Tobit 2
Tobits blindheid
1Tijdens de regering van koning Esarhaddon keerde ik terug naar huis en werd ik weer verenigd met Anna en Tobias. Tijdens ons Pinksterfeest, het Wekenfeest, werd er voor mij een feestmaal bereid. Toen ik aan tafel ging 2en de talrijke schotels zag die voor me waren klaargezet, zei ik tegen Tobias: ‘Jongen, kijk eens of je onder onze volksgenoten die hier in de stad als ballingen verblijven, iemand vindt die niets heeft en die de Heer met heel zijn hart dient. Neem hem mee om samen met mij deze maaltijd te gebruiken. Ik begin niet voordat je terug bent.’ 3Tobias vertrok om te doen wat ik hem gevraagd had, maar kwam alleen terug. ‘Vader!’ riep hij. ‘Wat is er?’ vroeg ik. ‘Vader, er ligt iemand van ons volk vermoord op het marktplein. Ze hebben hem gewurgd.’ 4Ik sprong onmiddellijk op, liet de maaltijd staan zonder er ook maar iets van te hebben gegeten en bracht de dode van het plein naar een van mijn bijgebouwen. Na zonsondergang zou ik hem begraven. 5Thuis waste ik me en at ik in een droevige stemming mijn maal. 6Ik moest denken aan wat de profeet Amos over Betel zei: ‘Jullie feesten zullen omslaan in rouw, jullie liederen in klaagzangen.’ 7En ik huilde.
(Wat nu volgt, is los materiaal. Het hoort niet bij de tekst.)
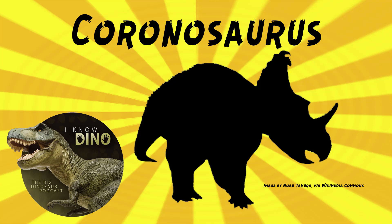And now on to our dinosaur of the day: Coronasaurus. We've noticed a lot of people lately dressing as dinosaurs and calling themselves coronasaurus. But coronasaurus is a real dinosaur and actually has nothing to do with coronavirus or COVID-19.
Zodra het donker was geworden, dolf ik een graf en begroef mijn volksgenoot. 8Mijn buren dreven de spot met mij. ‘Waar is die angst van hem ineens gebleven? Toen hij werd gezocht omdat ze hem voor dit vergrijp wilden doden, wist hij niet hoe snel hij de benen moest nemen. Maar moet je nu eens kijken: hij is waarachtig alweer doden aan het begraven.’
9Ik kwam midden in de nacht thuis, waste me en legde me tegen de muur van de binnenplaats te slapen. Omdat het zo warm was, liet ik mijn gezicht onbedekt. 10Maar ik had niet gezien dat er boven mij mussen op de muur zaten. Hun nog warme uitwerpselen vielen in mijn ogen en vormden witte vliezen. Ik bezocht allerlei artsen om dat te laten verhelpen, maar hoe vaker ze mijn ogen behandelden, des te minder kon ik door die vliezen zien. Ten slotte werd ik helemaal blind, en dat ben ik vier jaar lang gebleven.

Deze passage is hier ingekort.